This runbook is intended to give developers the skills to identify and fix key performance issues in your app independently.
Generally, the recommended workflow to identify and remedy performance issues is as follows:
Manual debugging of individual test runs is critical for understanding and debugging these performance issues. The above steps cannot be replaced by analyzing aggregated data. However, setting up metrics collection in automated testing as well as in the field is also important to understand what users are actually seeing and identify when regressions may occur:
dumpsys gfxinfo
commands that bracket a user journey in question. This is a reasonable way to understand variation in jank over a specific user journey. The RenderTime metrics, which highlight how long frames are taking to draw, are more important than the count of janky frames for identifying regressions or improvements.Proper setup is essential for getting accurate, repeatable, actionable benchmarks from an application. In general, you want to test on a system that is as close to production as possible, while suppressing sources of noise. Below are a number of APK and system specific steps you can take to prepare a test setup, some of which are use case specific.

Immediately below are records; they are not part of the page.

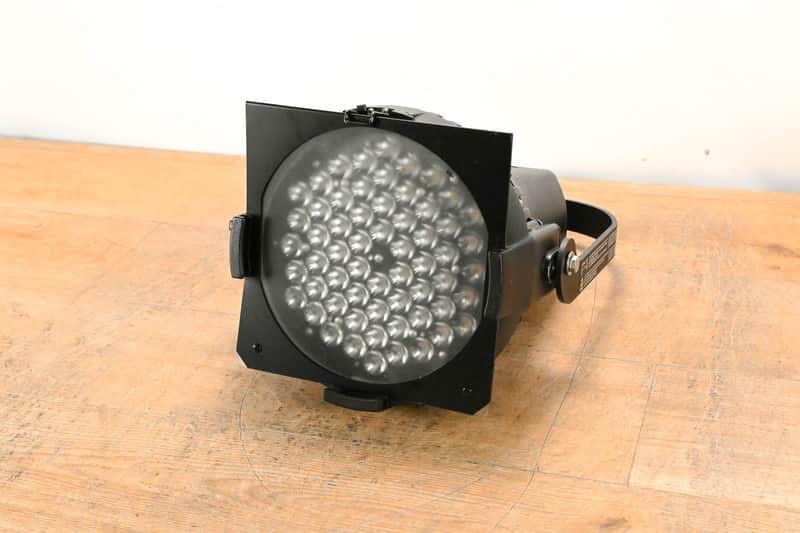 ETC Desire D60 Studio HD LED Par Wash Light CG01SMY image 1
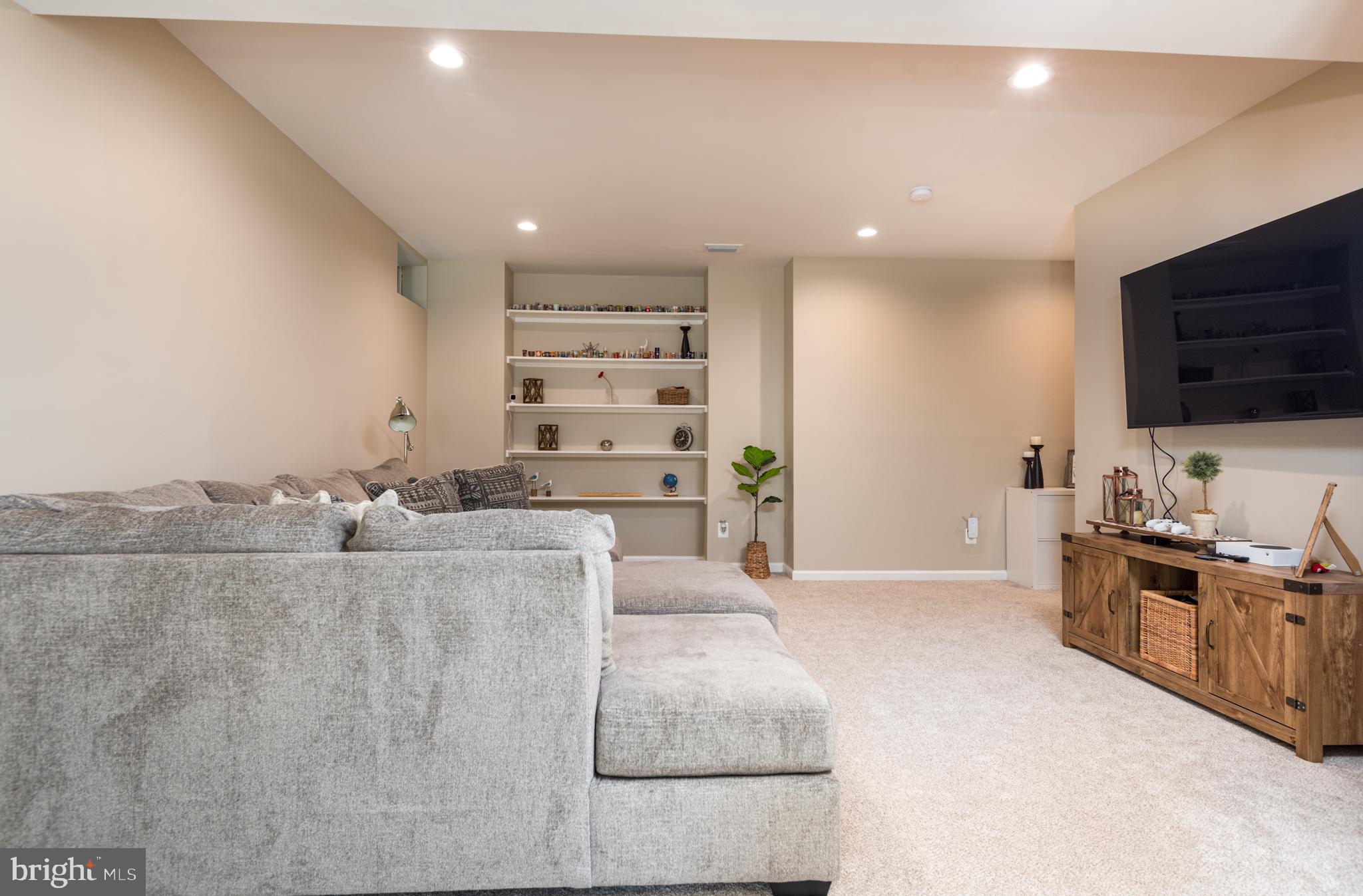 5794 Waterloo Bridge Cir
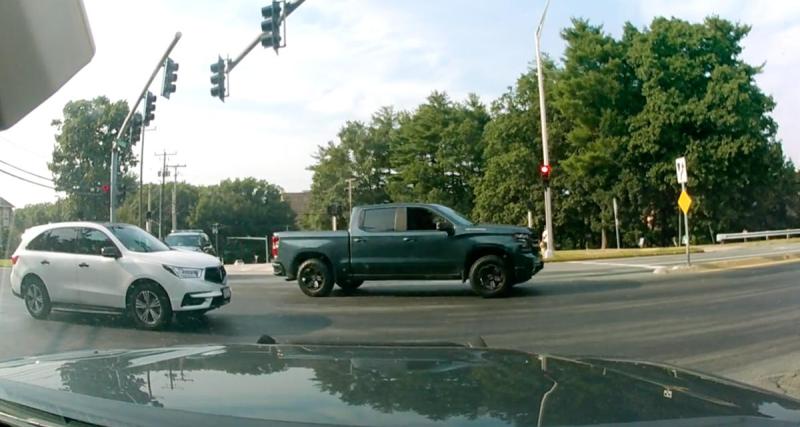  - VIDEO - Le SUV grille un feu rouge, son timing ne pouvait pas être pire…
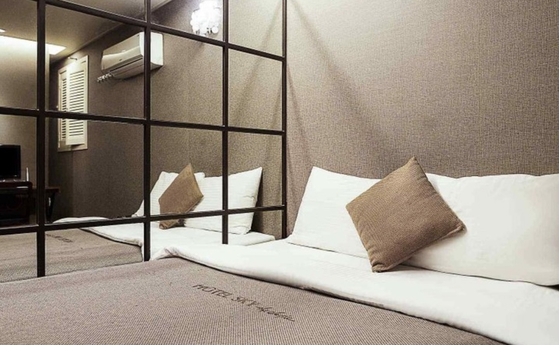 Some motels rooms feature floor-to-ceiling mirrors. [SCREEN CAPTURE]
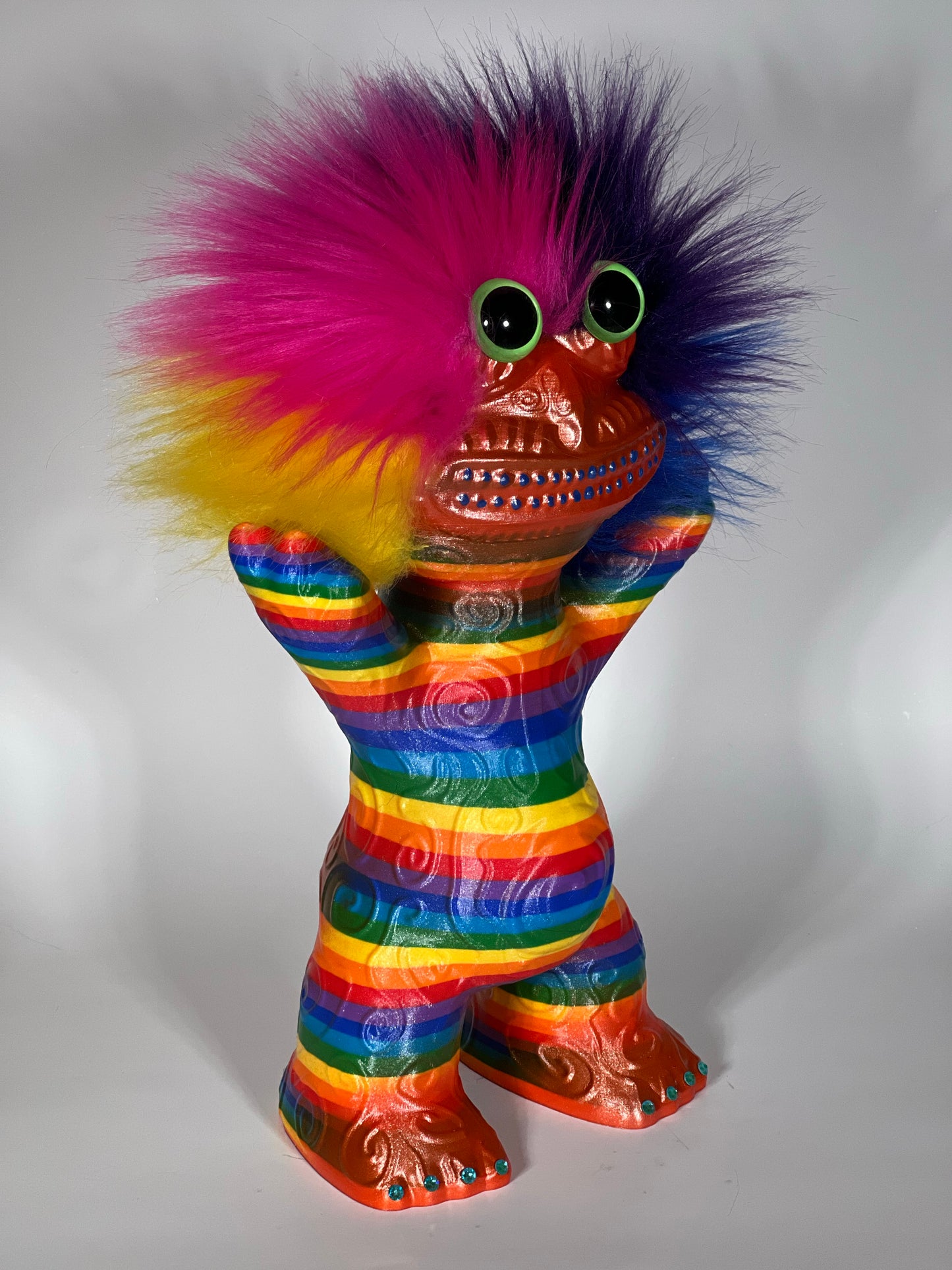 World Famous Ape Troll: Rainbow Mystic Super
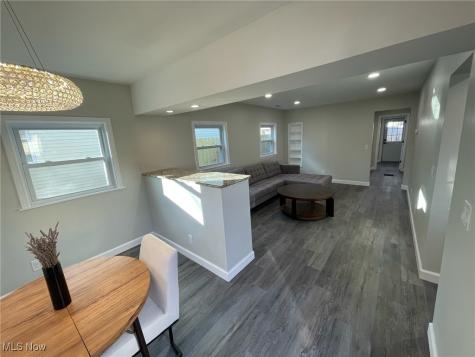 14708 Delaware Avenue Lakewood OH 44107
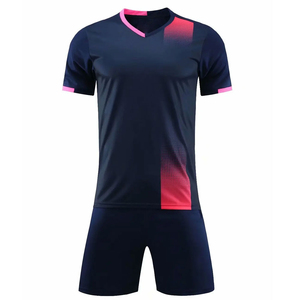 Maillots de football personnalisés en gros à manches courtes, respirants, écologiques, à séchage rapide, avec face en mesh, pour kit d'entraînement d'équipe de football - Product Image 1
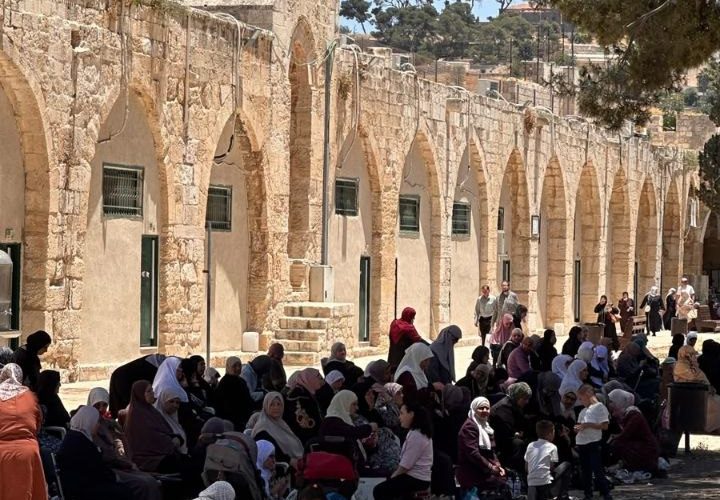 65 ألفا يؤدون صلاة الجمعة في المسجد الأقصى المبارك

Applications can instrument their code with the androidx.tracing.Trace class. It is strongly recommended to instrument key workloads in your application to increase the utility of traces, both for local profiling, and for inspecting results from CI. In Kotlin, the androidx.tracing:tracing-ktx
module makes this very simple:
fun loadItemData(configuration: Config) = trace("loadItemData") { // perform expensive operation here ... }
While traces are being captured, tracing does incur a small overhead (roughly 5us) per section, so don't put it around every method. Just tracing larger chunks of work (>0.1ms) can give significant insights into bottlenecks.
Do not measure performance on a debug build.
Debug variants can be helpful for troubleshooting and symbolizing stack samples, but they have severe non-linear impacts on performance. Devices on Q+ can use profileableFromShell in their manifest to enable profiling in release builds.
Use your production grade proguard configuration. Depending on the resources your application utilizes, this can have a substantial impact on performance. Note that some proguard configs strip tracepoints, consider removing those rules for the configuration you're running tests on
Compile your application on-device to a known state (generally speed or speed-profile). Background JIT activity can have a significant performance overhead, and you will hit it often if you are reinstalling the APK between test runs. The command to do this is:
adb shell cmd package compile -m speed -f com.google.packagename
The ‘speed’ compilation mode will compile the app completely; the ‘speed-profile’ mode will compile the app according to a profile of the utilized code paths that is collected during app usage. It can be a bit tricky to collect profiles consistently and correctly, so if you decide to use them, you‘ll probably want to confirm they are what you expect. They’re located here:
/data/misc/profiles/ref/[package-name]/primary.prof
Note that Macrobenchmark allows you to directly specify compilation mode.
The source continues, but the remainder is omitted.